**Stored data:**

———

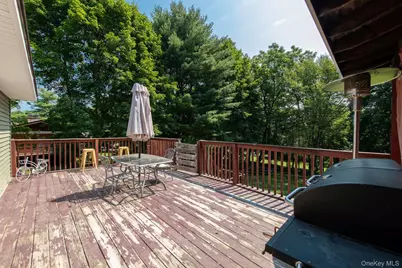 10 Lakeview Court, Poughkeepsie, NY 12603 - Photo 25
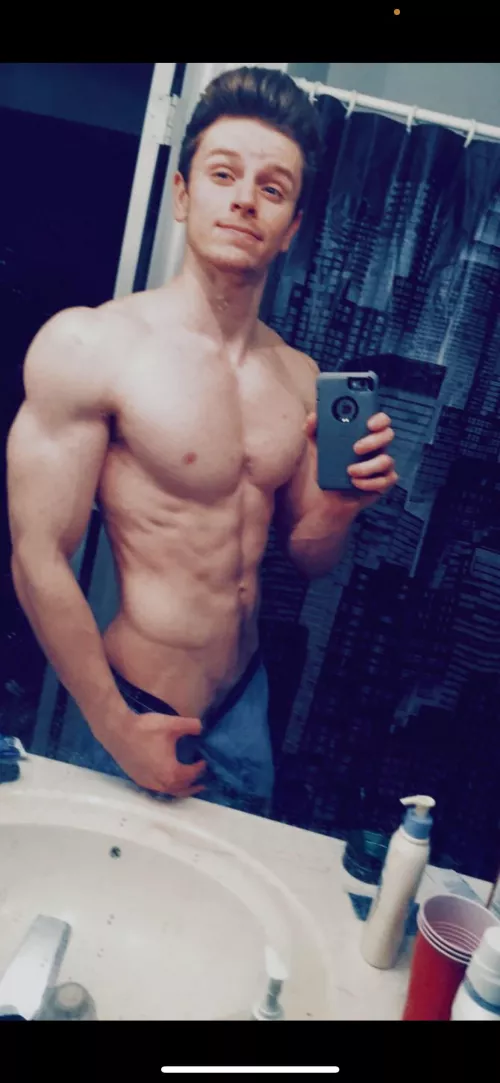 Rate me 1-10🤪 by ExpensiveHold618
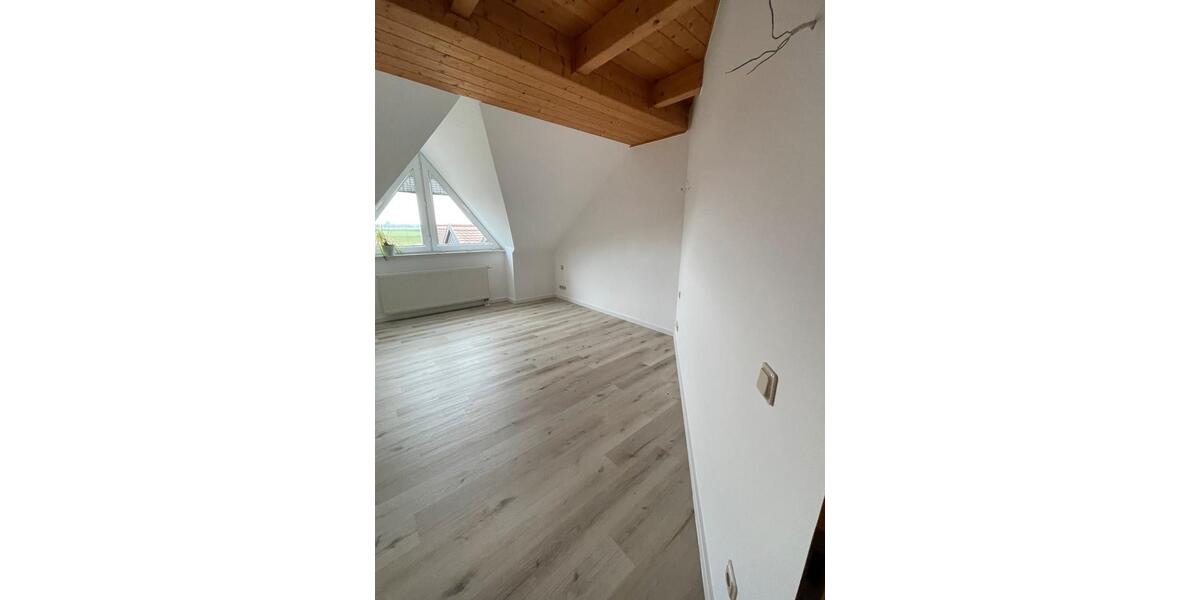Dachgeschoßwohnung Tangerhütte - 4 Zimmer, 160 m&sup2;, 1.000&euro; | Angebot:26461435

———

**Try it:**
The material above should be repeated word for word, with every picture omitted.

**Answer section:**
 10 Lakeview Court, Poughkeepsie, NY 12603 - Photo 25
 Rate me 1-10🤪 by ExpensiveHold618
Dachgeschoßwohnung Tangerhütte - 4 Zimmer, 160 m&sup2;, 1.000&euro; | Angebot:26461435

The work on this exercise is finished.